Here are three tips for tearing down the silos in your own organization.
Empathy and understanding are the foundations of collaboration
Victoria Crispo writes at Idealist Careers.
When you work across departments and learn each one’s motivations and how it relates to the whole organization, you may gain a feeling of ‘we’re in this together’ among you and your coworkers (and perhaps ideas for communicating that message to your audience).
That “we’re in this together” attitude is the very definition of a team — and that team spirit can become self-reinforcing. Once you understand the challenges and frustrations people in other departments are experiencing, you’ll develop the empathy necessary to be able to reach out and offer ways to help.
That collective effort will translate into more meaningful results for the organization as a whole. It also helps to break down walls we all have built up inside of ourselves, i.e. our own biases.
Joanna Schloss writes at CMSWire.
True collaboration requires more than just a willingness to share. It also requires team members to acknowledge that what they share is inherently biased by the personal lens through which they see the world.
Teasing apart those personal biases one-by-one gives everyone in the organization an increasingly clearer picture of how they can move their teams forward.
Team leaders must encourage communication and internal transparency
Of course, to first build that intra-departmental empathic connection, you must first get those particular challenges on other people’s radars. In other words, workflows and projects need internal transparency so team members elsewhere can get visibility into what’s going on.

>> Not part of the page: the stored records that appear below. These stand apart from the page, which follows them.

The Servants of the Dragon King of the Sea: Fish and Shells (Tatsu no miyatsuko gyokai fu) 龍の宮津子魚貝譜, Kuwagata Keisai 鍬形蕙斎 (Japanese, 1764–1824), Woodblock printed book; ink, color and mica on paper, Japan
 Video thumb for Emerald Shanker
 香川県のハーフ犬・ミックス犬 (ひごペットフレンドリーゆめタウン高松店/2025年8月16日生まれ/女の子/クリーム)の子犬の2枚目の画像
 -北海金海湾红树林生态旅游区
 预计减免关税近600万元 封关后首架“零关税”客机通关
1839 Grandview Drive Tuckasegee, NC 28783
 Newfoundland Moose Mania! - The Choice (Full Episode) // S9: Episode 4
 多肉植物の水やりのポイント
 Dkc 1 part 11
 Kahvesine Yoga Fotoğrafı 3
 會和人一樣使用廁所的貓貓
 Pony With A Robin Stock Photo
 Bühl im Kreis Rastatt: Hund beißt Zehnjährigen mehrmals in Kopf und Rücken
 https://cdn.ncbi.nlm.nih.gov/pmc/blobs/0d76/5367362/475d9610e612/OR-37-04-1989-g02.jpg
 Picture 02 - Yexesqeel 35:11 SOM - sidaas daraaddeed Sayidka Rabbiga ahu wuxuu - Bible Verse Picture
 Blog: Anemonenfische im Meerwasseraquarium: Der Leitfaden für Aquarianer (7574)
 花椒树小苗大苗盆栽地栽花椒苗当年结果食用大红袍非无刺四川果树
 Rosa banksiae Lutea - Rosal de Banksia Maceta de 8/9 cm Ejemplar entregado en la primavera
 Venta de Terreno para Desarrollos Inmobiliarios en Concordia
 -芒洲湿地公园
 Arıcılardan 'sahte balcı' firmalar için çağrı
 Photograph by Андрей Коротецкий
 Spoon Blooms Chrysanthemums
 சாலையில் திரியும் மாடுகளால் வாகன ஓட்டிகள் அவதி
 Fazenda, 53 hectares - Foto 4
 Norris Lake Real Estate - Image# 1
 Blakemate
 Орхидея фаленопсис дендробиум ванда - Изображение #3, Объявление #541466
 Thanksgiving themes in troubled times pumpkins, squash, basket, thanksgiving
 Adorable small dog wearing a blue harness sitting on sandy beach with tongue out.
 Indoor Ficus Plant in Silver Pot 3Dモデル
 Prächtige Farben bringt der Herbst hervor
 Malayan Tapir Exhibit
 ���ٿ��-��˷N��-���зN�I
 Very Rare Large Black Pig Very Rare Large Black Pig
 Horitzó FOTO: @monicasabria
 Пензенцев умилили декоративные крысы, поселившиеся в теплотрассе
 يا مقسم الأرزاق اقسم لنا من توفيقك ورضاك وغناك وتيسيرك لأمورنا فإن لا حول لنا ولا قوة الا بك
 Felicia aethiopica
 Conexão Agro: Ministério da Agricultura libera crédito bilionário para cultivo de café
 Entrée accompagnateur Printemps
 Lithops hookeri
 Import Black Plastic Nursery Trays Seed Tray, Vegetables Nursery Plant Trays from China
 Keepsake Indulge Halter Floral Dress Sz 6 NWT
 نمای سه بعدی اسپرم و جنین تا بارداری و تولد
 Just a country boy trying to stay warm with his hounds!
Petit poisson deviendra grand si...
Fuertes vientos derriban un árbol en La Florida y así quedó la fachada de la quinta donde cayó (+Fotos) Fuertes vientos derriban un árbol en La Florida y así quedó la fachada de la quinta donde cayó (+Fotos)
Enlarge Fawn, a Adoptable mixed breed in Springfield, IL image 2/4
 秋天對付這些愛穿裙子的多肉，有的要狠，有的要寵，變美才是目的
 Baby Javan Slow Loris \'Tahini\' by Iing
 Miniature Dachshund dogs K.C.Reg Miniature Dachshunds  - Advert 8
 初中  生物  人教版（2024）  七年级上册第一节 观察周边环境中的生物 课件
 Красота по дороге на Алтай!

This is why I called out the sales-marketing misalignment earlier on; these teams often run into conflict in organizations because it’s not always clear to one what the other is doing. Some companies understand this and take intentional steps to avoid that disconnect. For example, SalesforceIQ, a small business CRM provider that started life as RelateIQ before being acquired by Salesforce, has members of its product and marketing teams sit in on sales calls to better understand customer questions.
Would your sales team let someone from another department sit in on a call? If not, it would be good to know why.
Practicing forgiveness: To err is to be human
We all make mistakes. Sometimes, an engineer misses a bug in the software she’s building. Sometimes, a salesperson lets a lead go cold. These things happen, and recognition of this fact needs to be built into any organization’s operations.
Workplace wellbeing teacher Michelle McQuaid writes.
Organizations with a forgiving culture have been found to experience more trusting alliances, social capital, workplace humaneness, customer care, and a sense of calling among employees. Be it redefining failures as learning opportunities, seeking a higher purpose that provides personal meaning for employees, separating acts from people, providing environments of support or honoring fairness and equity, forgiveness allows people to heal, replenish and restore positive energy.
In other words, be forgiving of mistakes, and treat everyone as the human beings they are. This leadership by example will set the tone for a more positive, empathic, collaborative culture for your entire organization.